Susanne Thellung, CEO der Schwyzer Kantonalbank

«Inside Paradeplatz» sprach Anfang Februar vom «Knall bei der SZKB». Die neue Chefin sei gefordert, weil vier von fünf Geschäftsleitungsmitgliedern das Schiff verlassen hätten. Ist das so?

Derzeit ist noch der Posten des Finanzchefs zu besetzen. Wir haben langjährige Mitarbeitende verloren, aber gleichzeitig erhielten wir die Chance, uns zukunftsorientiert aufzustellen.

Und die Wirren rund um die Pensionskasse Phoenix. Ist da Aufräumen angesagt? Für Sie oder für den Bankrat?

Diese Thematik gehört in den Aufgabenbereich des Bankrates.

Sie übernehmen die Strategie 2019 bis 2022, die unter Ihrem Vorgänger erarbeitet worden ist. Da heisst es als oberste Zielsetzung: wertschaffendes Wachstum. Erklären Sie das doch in drei Sätzen!

Im Kreditgeschäft verdient man immer weniger. Wenn wir Erfolg haben wollen, müssen wir dies kompensieren. Wir können entweder mehr Kredite sprechen oder beispielsweise unsere Kundinnen und Kunden beim Vermögensaufbau unterstützen. Unsere Kunden sollen von Beratungsdienstleistungen profitieren können – also für die Kundschaft Werte schaffen. Wir müssen digital sein in den Prozessen, aber sehr persönlich im Kontakt. Beim Besuch von Filialen stelle ich fest, wie stark unsere Mitarbeitenden in Vereinen verankert sind. Das schafft Nähe zu den Kunden.

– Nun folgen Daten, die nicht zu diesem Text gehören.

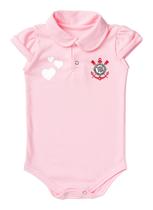 Body Rosa Gola Polo Macacão Infantil Corinthians Para Bebê Time de Futebol Oficial Body Rosa Gola Polo Macacão Infantil Corinthians Para Bebê Time de Futebol Oficial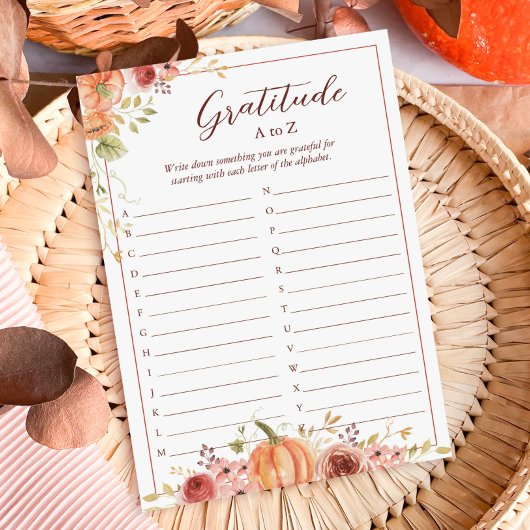 Autumnal Gratitude List A to Z Thanksgiving Card Kaart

Das tönt ja fast nach dem alten Prinzip, wonach ein Bankangestellter das Vereins-Kassieramt übernimmt …

Das ist durchaus im Interesse der Bank. Wir sind die Bank des Volkes, das möchte ich verstärken.

Da bleibt die SZKB weiterhin ein wichtiger Sponsor für allerlei Anlässe?

Ja, klar. Das gehört zur Kantonalbank.

Die SZKB verfügt mit 23 Filialen über das dichteste Bankennetz im Kanton. Halten Sie daran fest?

Unbedingt. Ich möchte noch mehr Kunden in unsere Filialen bringen.

Das heisst den Schalterkontakt fördern?

Ja, ich freue mich über jeden, der an den Bankschalter kommt.

Aber wenn ich am Bankomaten den günstigeren Eurokurs erhalte als am Schalter, heisst das für mich, dass man mich gar nicht am Schalter will.

Das heisst nicht, dass Sie am Schalter nicht willkommen sind. Im Gegenteil. Mit dieser Information durch die Person am Schalter macht man Sie auf die günstigste Möglichkeit aufmerksam, Euros zu beziehen.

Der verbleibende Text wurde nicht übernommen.